How Ava DuVernay Became a Creator of Worlds
Late fall in the redwood forests of Northern California, it gets cold. Not wrap-yourself-in-furs cold—we’re still talking 51 degrees—but the kind of cold that demands layers, lest it sink into your bones. Nevertheless, in November 2016, when I visited her movie set near Eureka, director Ava DuVernay was coatless. Just a thermal with a cotton</ shirt over it, jeans, and a knit hat. The young stars of DuVernay’s film were in very lightweight shirts, pretending to be lost in unfamiliar (and, one assumes, warmer) woods, and she wasn’t about to let them be the only ones on her set enduring the chill.
“I don’t know if you’ve noticed, but every time they have to have their jackets off, she takes her jacket off,” producer Jim Whitaker whispered to me as DuVernay called “action!” in the distance. “This is so typical.” Whitaker, of course, is supposed to say things like this. And DuVernay, a former Hollywood publicist skilled in sending a message, knows which notes to hit. From what I’ve seen here on set—her playful and encouraging interactions with her stars, the diversity of her crew, the summer-camp-with-Disney-money conviviality—this act of goose-bumped solidarity is an apt metaphor for the spirit DuVernay is bringing to her adaptation of Madeleine L’Engle’s A Wrinkle in Time.

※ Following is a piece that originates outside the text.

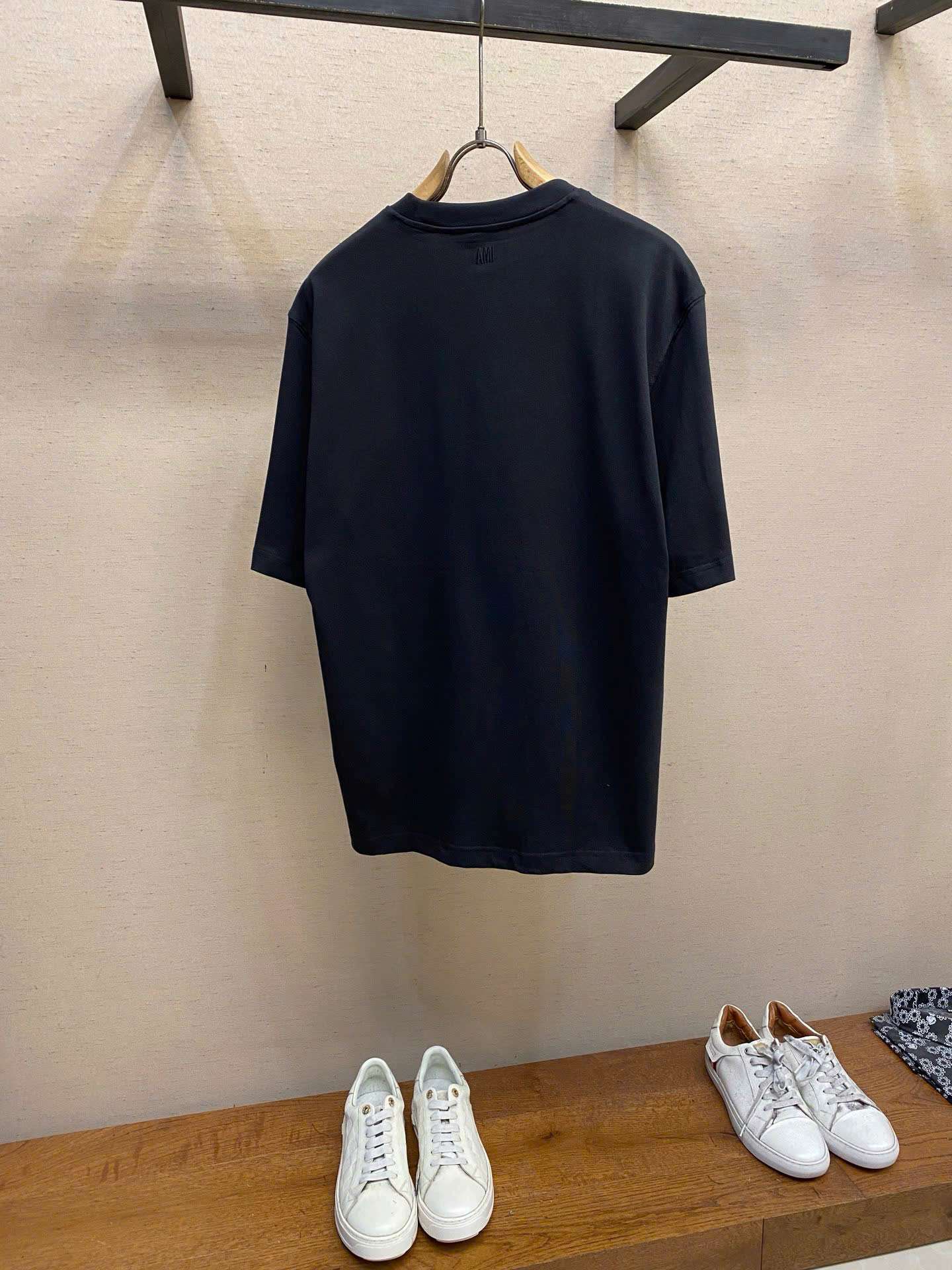 아미 블랙 하트 로고 남여공용 반팔티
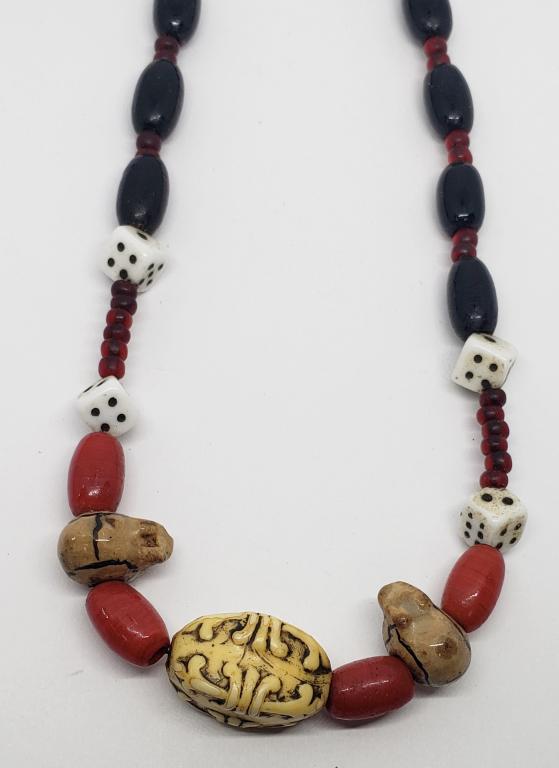VINTAGE BLACK AND DICE BEADED NECKALCE WITH: POSSIBLE CARVE BONED BEADS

If you don’t remember what you read in middle school, A Wrinkle in Time is the story of a young girl named Meg Murry on a mission to save her scientist father, who has been taken prisoner by a dark force in the universe intent on crushing free thought and free will. Along the way she’s assisted by her classmate Calvin O’Keefe, brother Charles Wallace, and three celestial beings—Mrs. Who, Mrs. Which, and Mrs. Whatsit—who help her jump, or tesser, through space-time. The story is the same in DuVernay’s version for Disney, but there are a couple of significant new wrinkles. Since her first feature film in 2008, DuVernay has used whatever success she’s attained to give other women and people of color opportunities on both sides of the camera. So in 2016, when Disney announced that she would direct A Wrinkle in Time, and DuVernay became the first African American woman to helm a $100 million-plus movie (but “not the first capable of doing so,” she later noted on Twitter, “not by a long shot”)—she promised a new vision of the original. “You kind of have to remix the book,” DuVernay told The Wall Street Journal. The casting made clear that she was making good on that promise: Meg is now biracial, played by 14-year-old Storm Reid, and Mindy Kaling and Oprah Winfrey play Mrs. Who and Mrs. Which, respectively.
DuVernay isn’t known as a genre director particularly. Her movies and TV shows have been firmly grounded in race, power, politics, and family narratives. But her overall project, building a better world for people of color, doesn’t so much overlap as interleave with one of science fiction’s overall projects: world-building. Sci-fi has always been as much an exercise in thought experimentation as an arena for spectacle, for rocket ships and ray guns.